On the Generalization for Transfer Learning: An Information-Theoretic Analysis
Xuetong Wu, Jonathan H. Manton, Uwe Aickelin, Jingge Zhu
TL;DR
This work addresses generalization under domain shift in transfer learning by developing information-theoretic bounds that couple the training-data–hypothesis dependence, via mutual information $I(W;Z_i)$, with domain divergence measured by $D(\mu\|\mu')$. It derives ERM, SGD-like, and Gibbs-algorithm bounds, tightens slow-rate results with $(\eta,c)$-central and related conditions to achieve fast rates, and extends the framework to $\phi$-divergences and Wasserstein distances to handle non-absolutely-continuous shifts. A key practical contribution is InfoBoost, an adaptive reweighting algorithm that leverages information measures to balance source and target data for improved transfer performance, demonstrated on synthetic tasks and real datasets. Overall, the paper provides a unified theory and practical tools for analyzing and improving transfer learning under distribution shift, with implications for algorithm design and robust domain adaptation. The results highlight the trade-offs between data quantity in target versus source domains and offer principled guidance for achieving faster convergence and tighter guarantees in transfer learning applications.
Abstract
Transfer learning, or domain adaptation, is concerned with machine learning problems in which training and testing data come from possibly different probability distributions. In this work, we give an information-theoretic analysis of the generalization error and excess risk of transfer learning algorithms. Our results suggest, perhaps as expected, that the Kullback-Leibler (KL) divergence $D(μ\|μ')$ plays an important role in the characterizations where $μ$ and $μ'$ denote the distribution of the training data and the testing data, respectively. Specifically, we provide generalization error and excess risk upper bounds for learning algorithms where data from both distributions are available in the training phase. Recognizing that the bounds could be sub-optimal in general, we provide improved excess risk upper bounds for a certain class of algorithms, including the empirical risk minimization (ERM) algorithm, by making stronger assumptions through the \textit{central condition}. To demonstrate the usefulness of the bounds, we further extend the analysis to the Gibbs algorithm and the noisy stochastic gradient descent method.
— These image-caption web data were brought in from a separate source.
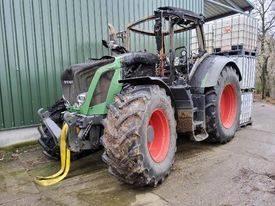 Fendt 826 Vario    cabin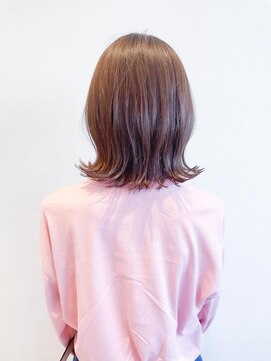 フォーカス 南流山店(FOCUS) ミディアムボブ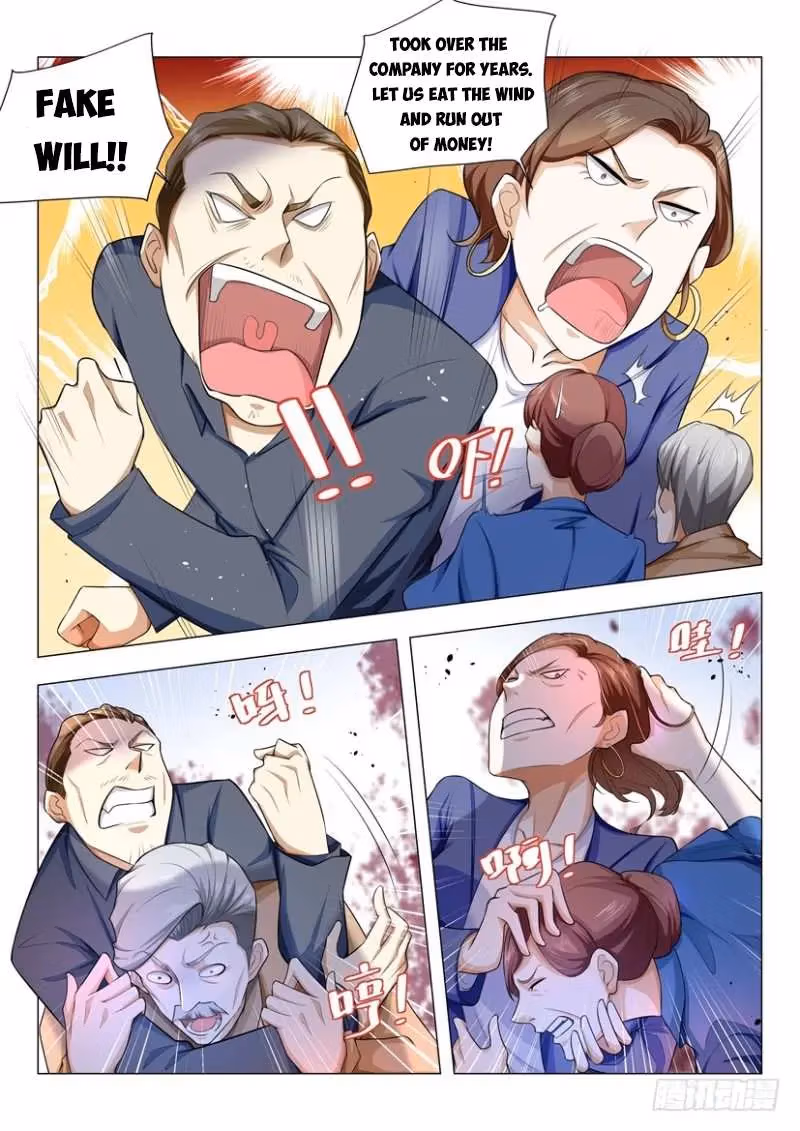 Read Divine Hero’s Skyfall System chapter 32 image 10 on Lezhin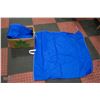 Image 1 : 12 NYLON DRAWSTRING 36X36 BAGS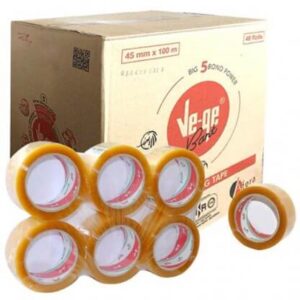 Ve-Ge Şeffaf Koli Bandı (48 ADET-KOLİ)
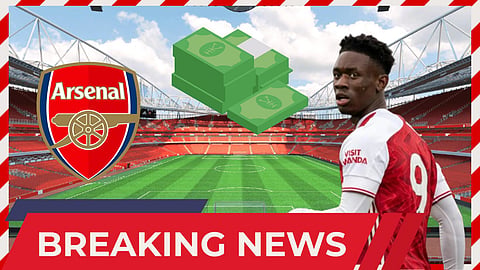 Sources: AC Milan have active interest in Arsenal sensation Folarin Balogun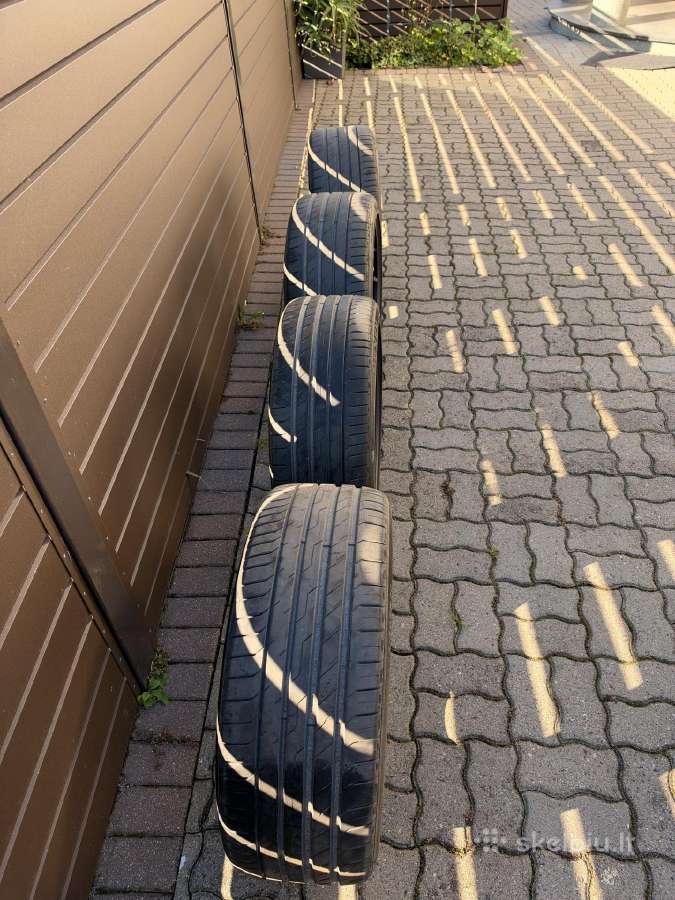 Nexen Nfera Sport R20 245x45 ir 275x35 - nuotraukos Nr. 3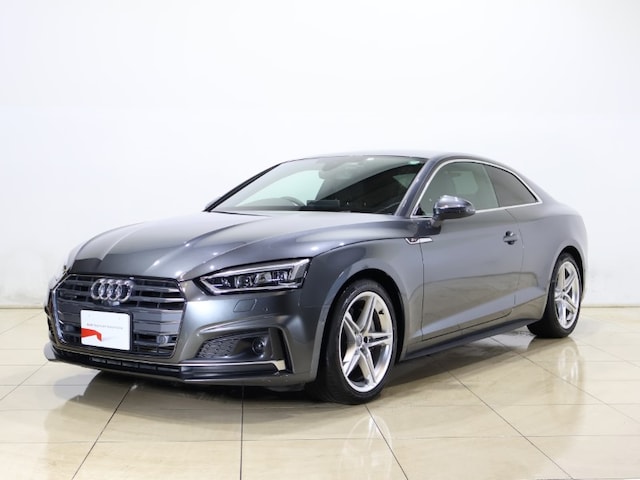 Audi A5 Coupé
We then generalize the mutual information bound with other divergences such as $φ$-divergence and Wasserstein distance, which may lead to tighter bounds and can handle the case when $μ$ is not absolutely continuous with respect to $μ'$. Several numerical results are provided to demonstrate our theoretical findings. Lastly, to address the problem that the bounds are often not directly applicable in practice due to the absence of the distributional knowledge of the data, we develop an algorithm (called InfoBoost) that dynamically adjusts the importance weights for both source and target data based on certain information measures. The empirical results show the effectiveness of the proposed algorithm.